[Problem details]: Only one stretch of the data below is wanted: the lines from the one with "Weider Beta-Alanina - 120 Capsule" through the one with "Hornsea Pottery Contrast Coffee Storage Jars", repeated exactly.

[Input]:
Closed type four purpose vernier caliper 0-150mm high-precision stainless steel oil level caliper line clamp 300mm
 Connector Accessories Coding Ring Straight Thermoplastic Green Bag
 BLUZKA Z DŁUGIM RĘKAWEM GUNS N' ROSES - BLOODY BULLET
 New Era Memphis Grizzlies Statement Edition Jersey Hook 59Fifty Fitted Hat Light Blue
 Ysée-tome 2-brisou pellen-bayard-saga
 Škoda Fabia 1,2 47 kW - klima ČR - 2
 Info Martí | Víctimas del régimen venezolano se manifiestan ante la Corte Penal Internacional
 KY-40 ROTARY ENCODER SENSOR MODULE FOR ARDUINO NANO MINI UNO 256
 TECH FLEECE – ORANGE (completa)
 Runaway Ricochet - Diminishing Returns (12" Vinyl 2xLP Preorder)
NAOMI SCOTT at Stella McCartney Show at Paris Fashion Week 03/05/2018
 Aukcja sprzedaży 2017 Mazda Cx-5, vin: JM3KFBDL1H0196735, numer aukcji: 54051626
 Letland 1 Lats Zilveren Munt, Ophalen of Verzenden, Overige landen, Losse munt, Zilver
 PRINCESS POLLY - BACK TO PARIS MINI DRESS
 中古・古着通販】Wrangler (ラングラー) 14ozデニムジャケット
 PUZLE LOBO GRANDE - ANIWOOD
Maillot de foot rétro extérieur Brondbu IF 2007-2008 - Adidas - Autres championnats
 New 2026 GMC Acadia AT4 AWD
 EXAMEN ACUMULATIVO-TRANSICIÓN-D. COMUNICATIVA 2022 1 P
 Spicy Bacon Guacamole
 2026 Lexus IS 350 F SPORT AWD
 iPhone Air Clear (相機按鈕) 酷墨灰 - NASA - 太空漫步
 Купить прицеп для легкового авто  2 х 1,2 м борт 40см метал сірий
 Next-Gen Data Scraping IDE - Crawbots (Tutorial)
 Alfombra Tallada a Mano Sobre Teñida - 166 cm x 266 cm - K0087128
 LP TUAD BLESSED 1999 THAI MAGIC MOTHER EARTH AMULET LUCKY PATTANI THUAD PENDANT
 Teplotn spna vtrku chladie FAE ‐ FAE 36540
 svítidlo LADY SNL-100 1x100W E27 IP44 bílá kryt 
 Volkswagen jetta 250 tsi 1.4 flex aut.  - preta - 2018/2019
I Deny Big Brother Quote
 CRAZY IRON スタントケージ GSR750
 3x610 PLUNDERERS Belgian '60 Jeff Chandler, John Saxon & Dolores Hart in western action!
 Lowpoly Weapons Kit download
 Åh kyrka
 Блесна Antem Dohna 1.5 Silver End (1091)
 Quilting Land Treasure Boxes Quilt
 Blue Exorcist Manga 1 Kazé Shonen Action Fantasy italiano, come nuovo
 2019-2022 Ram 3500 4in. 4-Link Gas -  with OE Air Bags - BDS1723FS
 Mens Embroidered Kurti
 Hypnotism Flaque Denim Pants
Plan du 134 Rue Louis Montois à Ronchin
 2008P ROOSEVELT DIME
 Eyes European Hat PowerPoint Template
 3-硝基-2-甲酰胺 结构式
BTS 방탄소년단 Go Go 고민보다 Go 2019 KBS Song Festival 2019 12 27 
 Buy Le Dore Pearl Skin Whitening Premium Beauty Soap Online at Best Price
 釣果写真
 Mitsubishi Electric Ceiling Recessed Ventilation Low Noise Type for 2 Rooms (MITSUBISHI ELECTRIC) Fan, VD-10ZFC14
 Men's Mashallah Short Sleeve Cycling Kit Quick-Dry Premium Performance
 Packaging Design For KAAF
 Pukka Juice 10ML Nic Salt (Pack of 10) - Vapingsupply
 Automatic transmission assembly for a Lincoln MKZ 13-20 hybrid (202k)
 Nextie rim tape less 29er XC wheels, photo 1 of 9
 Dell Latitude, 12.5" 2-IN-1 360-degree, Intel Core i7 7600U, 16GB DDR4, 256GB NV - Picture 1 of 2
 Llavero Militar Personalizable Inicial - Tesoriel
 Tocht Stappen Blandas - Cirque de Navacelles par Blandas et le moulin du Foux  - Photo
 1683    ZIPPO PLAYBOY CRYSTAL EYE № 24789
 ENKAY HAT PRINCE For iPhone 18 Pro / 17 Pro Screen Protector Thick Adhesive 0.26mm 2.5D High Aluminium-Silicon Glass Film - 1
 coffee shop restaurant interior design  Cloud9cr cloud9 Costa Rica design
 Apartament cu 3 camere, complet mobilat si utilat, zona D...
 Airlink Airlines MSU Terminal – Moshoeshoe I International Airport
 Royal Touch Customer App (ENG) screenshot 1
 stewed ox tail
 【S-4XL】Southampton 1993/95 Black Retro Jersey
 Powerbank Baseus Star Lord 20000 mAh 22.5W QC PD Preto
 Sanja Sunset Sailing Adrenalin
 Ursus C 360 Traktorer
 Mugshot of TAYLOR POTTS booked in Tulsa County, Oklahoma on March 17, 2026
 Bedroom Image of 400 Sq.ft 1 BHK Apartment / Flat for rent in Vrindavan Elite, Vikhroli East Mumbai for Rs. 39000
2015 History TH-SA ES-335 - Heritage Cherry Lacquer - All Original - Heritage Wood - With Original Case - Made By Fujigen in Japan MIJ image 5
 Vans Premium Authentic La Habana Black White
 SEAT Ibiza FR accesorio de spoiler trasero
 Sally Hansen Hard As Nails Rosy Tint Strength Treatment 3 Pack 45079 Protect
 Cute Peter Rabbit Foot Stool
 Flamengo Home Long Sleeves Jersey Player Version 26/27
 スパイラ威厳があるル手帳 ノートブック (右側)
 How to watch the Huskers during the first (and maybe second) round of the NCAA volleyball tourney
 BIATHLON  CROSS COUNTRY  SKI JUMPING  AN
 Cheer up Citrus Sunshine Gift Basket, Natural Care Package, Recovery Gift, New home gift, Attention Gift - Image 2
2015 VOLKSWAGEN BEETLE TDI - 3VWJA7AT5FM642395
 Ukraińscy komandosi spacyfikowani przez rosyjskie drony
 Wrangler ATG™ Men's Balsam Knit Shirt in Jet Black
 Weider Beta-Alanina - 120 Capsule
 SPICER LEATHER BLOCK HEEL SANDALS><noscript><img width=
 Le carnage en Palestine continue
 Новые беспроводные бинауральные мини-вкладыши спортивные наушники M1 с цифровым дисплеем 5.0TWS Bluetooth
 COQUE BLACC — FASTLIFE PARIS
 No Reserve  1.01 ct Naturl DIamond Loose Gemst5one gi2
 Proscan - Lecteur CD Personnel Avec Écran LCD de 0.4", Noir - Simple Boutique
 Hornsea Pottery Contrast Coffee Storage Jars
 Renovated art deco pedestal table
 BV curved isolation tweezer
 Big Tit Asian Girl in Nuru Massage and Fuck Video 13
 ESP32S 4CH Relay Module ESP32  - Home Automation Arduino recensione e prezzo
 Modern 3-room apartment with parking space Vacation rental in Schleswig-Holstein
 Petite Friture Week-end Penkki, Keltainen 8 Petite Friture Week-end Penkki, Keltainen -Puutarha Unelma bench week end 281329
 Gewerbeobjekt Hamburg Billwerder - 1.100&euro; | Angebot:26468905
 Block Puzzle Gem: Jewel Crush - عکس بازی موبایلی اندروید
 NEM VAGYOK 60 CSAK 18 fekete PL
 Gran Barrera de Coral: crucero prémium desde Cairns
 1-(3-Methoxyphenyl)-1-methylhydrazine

[Task response]:
 Weider Beta-Alanina - 120 Capsule
 SPICER LEATHER BLOCK HEEL SANDALS><noscript><img width=
 Le carnage en Palestine continue
 Новые беспроводные бинауральные мини-вкладыши спортивные наушники M1 с цифровым дисплеем 5.0TWS Bluetooth
 COQUE BLACC — FASTLIFE PARIS
 No Reserve  1.01 ct Naturl DIamond Loose Gemst5one gi2
 Proscan - Lecteur CD Personnel Avec Écran LCD de 0.4", Noir - Simple Boutique
 Hornsea Pottery Contrast Coffee Storage Jars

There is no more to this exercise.